* _Your goal_: Within the material below, how many lines include the word "Pink"? Only the number should be given.

*** Given information Section Begins ***

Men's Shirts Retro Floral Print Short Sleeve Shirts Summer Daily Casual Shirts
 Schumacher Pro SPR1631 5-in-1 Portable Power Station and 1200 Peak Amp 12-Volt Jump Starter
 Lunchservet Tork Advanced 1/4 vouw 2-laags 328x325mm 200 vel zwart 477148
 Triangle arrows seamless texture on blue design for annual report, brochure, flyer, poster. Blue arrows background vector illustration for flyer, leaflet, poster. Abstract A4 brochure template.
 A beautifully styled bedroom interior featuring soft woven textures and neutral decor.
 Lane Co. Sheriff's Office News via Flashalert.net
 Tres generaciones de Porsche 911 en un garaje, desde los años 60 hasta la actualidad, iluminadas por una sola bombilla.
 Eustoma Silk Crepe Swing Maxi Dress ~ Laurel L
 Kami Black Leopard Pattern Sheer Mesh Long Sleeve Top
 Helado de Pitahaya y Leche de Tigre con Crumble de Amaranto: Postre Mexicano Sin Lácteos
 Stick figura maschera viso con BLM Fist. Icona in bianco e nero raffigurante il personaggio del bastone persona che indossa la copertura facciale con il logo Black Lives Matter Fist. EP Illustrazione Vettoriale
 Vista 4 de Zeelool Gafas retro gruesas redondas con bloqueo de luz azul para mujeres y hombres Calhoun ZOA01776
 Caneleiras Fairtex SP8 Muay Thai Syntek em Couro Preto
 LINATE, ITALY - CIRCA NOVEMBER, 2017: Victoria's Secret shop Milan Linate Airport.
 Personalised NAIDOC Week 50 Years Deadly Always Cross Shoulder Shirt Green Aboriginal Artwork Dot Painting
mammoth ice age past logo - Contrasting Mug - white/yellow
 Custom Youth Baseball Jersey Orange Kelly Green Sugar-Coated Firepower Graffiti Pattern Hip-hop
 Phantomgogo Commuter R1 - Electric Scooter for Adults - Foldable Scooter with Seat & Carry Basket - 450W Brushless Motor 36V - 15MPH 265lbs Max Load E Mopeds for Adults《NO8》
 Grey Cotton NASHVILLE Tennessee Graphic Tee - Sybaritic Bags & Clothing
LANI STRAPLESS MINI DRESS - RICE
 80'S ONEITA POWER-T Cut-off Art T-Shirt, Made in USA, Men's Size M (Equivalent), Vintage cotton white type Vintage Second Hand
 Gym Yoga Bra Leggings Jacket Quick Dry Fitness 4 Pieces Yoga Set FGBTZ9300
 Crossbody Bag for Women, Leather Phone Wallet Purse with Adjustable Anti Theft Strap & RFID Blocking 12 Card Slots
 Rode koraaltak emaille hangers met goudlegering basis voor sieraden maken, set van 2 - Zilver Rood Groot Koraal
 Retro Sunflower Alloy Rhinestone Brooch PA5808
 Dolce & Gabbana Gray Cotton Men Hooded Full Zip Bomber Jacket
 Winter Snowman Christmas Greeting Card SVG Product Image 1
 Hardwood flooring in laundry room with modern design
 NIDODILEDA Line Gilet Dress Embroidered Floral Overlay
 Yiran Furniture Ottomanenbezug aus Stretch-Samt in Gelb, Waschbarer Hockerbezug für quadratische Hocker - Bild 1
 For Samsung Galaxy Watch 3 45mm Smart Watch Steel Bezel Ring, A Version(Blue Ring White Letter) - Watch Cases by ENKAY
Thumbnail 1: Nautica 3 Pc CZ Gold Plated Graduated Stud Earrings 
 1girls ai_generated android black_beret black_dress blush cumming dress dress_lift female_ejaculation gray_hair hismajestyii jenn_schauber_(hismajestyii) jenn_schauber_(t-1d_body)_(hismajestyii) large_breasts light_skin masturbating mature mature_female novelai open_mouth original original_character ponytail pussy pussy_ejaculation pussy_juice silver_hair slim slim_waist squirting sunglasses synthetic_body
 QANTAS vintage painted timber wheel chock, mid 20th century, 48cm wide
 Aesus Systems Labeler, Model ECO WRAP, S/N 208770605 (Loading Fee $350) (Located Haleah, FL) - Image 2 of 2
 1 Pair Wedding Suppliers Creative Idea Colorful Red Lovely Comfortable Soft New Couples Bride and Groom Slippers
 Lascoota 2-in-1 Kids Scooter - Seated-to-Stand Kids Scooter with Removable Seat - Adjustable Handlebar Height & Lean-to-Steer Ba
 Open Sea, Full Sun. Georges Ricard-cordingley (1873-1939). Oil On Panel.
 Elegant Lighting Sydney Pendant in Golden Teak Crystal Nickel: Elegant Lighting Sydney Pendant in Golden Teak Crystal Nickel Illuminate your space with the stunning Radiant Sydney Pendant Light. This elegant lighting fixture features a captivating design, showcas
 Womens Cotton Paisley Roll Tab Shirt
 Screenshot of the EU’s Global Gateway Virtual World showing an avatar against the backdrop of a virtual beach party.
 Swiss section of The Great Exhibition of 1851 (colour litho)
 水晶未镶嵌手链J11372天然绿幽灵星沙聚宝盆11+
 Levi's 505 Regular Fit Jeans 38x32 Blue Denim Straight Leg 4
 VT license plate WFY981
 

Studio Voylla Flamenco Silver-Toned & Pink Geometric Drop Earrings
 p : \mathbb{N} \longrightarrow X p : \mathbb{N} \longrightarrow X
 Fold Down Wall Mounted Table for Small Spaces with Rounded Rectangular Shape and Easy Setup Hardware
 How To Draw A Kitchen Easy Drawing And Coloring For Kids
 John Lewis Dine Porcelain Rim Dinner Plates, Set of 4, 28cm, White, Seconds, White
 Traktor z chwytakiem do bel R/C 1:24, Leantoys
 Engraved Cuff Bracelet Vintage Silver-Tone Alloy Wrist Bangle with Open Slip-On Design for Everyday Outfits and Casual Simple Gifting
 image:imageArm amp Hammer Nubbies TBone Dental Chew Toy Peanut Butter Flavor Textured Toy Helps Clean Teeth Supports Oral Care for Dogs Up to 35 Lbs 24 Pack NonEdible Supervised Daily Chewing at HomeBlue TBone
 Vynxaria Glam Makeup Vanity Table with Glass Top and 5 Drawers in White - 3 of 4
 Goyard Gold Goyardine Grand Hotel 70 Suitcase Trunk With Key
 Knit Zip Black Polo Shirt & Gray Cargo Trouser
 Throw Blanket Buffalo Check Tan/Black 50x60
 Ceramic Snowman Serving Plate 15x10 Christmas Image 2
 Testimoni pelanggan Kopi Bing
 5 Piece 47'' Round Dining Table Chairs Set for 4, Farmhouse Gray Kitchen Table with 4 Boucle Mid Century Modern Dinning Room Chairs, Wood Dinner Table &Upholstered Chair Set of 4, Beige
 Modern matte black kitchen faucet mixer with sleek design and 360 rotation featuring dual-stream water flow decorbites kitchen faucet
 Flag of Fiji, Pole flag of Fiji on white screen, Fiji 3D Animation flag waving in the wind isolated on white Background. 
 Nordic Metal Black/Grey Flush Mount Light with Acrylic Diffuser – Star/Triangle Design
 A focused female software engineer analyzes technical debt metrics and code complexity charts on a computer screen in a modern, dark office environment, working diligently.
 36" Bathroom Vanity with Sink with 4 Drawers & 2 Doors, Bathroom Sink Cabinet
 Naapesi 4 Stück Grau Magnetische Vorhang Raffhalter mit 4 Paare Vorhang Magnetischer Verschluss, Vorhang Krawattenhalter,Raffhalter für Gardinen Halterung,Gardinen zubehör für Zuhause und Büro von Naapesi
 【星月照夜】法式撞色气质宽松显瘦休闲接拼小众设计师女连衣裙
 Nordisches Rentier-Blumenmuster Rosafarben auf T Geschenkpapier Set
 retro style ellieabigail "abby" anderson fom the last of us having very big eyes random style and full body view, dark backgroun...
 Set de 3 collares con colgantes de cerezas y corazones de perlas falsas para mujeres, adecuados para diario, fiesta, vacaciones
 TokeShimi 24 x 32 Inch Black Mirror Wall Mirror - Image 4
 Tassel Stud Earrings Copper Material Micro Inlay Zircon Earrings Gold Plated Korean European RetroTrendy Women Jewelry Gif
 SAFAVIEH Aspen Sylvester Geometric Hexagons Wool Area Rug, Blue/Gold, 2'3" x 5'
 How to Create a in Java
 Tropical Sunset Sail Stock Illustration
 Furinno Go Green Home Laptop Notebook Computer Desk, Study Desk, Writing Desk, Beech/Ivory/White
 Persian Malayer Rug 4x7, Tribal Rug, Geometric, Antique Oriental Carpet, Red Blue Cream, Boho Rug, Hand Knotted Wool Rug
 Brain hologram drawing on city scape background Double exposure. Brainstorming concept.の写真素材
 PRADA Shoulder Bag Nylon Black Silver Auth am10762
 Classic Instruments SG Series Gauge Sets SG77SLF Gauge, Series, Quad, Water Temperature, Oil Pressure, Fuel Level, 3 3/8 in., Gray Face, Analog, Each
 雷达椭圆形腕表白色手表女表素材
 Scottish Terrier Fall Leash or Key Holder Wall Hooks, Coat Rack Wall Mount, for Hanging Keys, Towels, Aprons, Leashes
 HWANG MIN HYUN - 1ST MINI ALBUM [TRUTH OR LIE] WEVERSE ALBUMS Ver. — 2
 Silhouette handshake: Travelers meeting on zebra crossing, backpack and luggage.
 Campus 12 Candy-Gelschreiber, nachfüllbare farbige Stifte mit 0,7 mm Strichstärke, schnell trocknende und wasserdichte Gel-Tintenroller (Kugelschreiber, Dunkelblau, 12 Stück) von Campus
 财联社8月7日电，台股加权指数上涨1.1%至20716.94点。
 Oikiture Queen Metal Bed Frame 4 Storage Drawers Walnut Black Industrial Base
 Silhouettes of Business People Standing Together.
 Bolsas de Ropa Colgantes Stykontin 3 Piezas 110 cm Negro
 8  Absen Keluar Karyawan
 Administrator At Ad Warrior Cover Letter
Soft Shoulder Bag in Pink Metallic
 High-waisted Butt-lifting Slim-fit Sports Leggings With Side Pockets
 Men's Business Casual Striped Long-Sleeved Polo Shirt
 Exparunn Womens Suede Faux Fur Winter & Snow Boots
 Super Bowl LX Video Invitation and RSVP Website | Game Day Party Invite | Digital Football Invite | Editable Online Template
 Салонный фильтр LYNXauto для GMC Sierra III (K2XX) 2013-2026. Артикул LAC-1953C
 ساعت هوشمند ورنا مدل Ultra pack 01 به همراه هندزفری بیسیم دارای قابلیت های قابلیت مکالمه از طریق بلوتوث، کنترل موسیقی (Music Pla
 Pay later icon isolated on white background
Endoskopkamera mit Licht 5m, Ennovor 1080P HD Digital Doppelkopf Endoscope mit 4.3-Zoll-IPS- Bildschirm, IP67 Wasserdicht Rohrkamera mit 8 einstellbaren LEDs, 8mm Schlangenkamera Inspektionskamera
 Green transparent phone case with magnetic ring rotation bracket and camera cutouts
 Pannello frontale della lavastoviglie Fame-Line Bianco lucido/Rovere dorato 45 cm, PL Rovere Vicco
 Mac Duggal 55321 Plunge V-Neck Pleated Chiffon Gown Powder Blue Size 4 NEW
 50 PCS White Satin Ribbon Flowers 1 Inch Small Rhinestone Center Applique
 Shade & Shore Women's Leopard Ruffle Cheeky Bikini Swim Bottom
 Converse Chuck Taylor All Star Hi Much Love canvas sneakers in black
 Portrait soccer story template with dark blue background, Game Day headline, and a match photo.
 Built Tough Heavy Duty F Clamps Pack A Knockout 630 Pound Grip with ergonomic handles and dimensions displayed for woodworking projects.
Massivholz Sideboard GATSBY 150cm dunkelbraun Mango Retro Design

*** Given information Section Ends ***

* _Solution to this problem_: 2